You can then set cron to run that script at whatever interval you want.

I thought about that, except for the #4. I wanted to do as little outside of the GUI. I've read that things can break if you do. My #2 is already a script and doesn't modify anything related to freenas. The actual snapshots, from what I've seen, are queried from zfs, but the creation of the snapshots are setup through the GUI.
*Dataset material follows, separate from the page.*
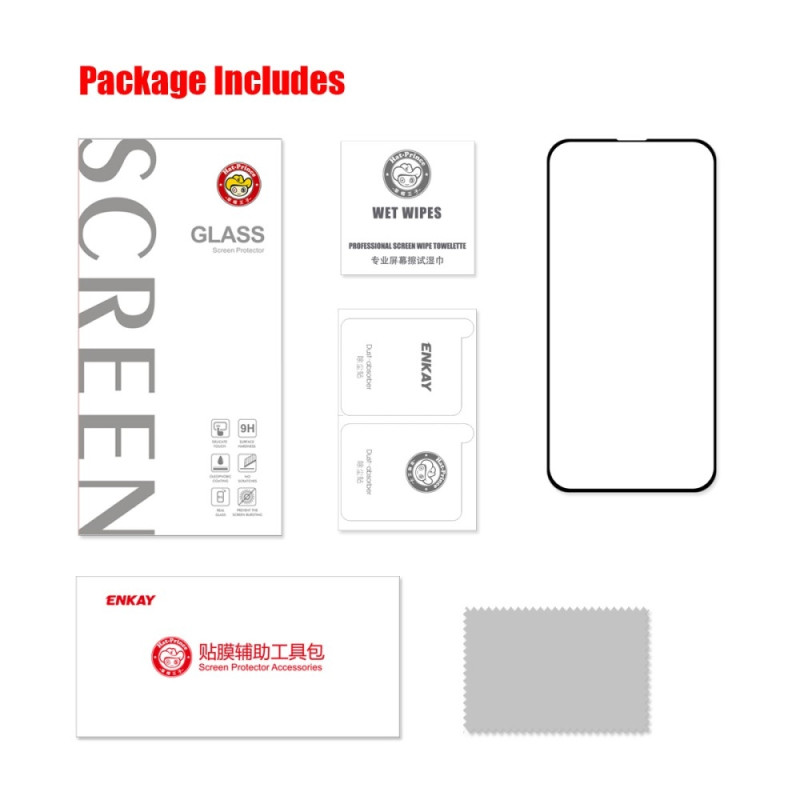 ENKAY HAT PRINCE Tempered glass for iPhone 16e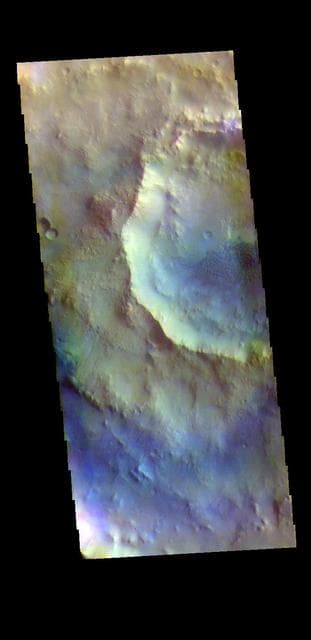 NASA image: Crater in Crater - False Color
I think for now, I'll have a cron job run when I need it to, and have the snapshot task run 30-60 minutes later.
 

cyberjock

Inactive Account
Joined
Mar 25, 2012
Messages
19,526
Yeah, generally you should try to stick to the GUI. In this case I think you could get away with #1-4 without significant problems. Although the GUI may not acknowledge the ZFS snapshots for you so you'd have to delete them manually. Then they may appear if you reboot. I'm not sure exactly how the GUI tracks the snapshots and has the moment of revelation where it realizes there is a new snapshot. It may be the second you click the menu item to display your snapshots.
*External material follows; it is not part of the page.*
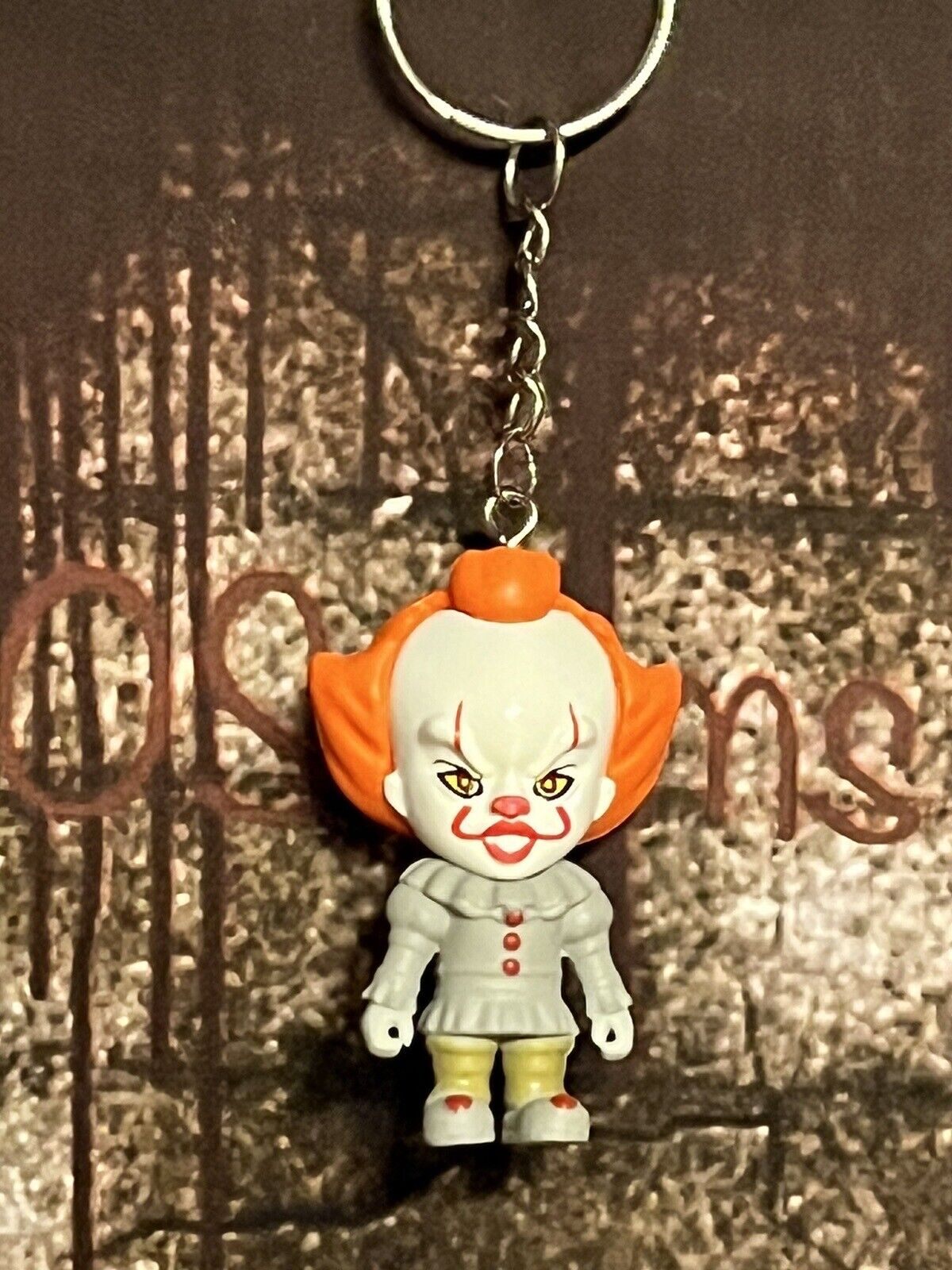 Horror Movie Theme It Key Ring Pennywise Pop Action Figure Collection Halloween - SOScollectible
Honestly, if you really want to do everything via cronjob I'm sure it would work. Your GUI may lie to you about the ZFS snapshots that exist and may not let you delete them from the GUI even if it sees them, but you seem advanced enough to understand those downfalls. I'd just do it how you want and see what happens.
 

fracai

Guru
Joined
Aug 22, 2012
Messages
1,212
From my experience, the GUI is now aware of manual (re. command line created) snapshots.
 

emcadmin

Dabbler
Joined
Jan 14, 2013
Messages
15
Yeah, generally you should try to stick to the GUI. In this case I think you could get away with #1-4 without significant problems. Although the GUI may not acknowledge the ZFS snapshots for you so you'd have to delete them manually. Then they may appear if you reboot. I'm not sure exactly how the GUI tracks the snapshots and has the moment of revelation where it realizes there is a new snapshot. It may be the second you click the menu item to display your snapshots.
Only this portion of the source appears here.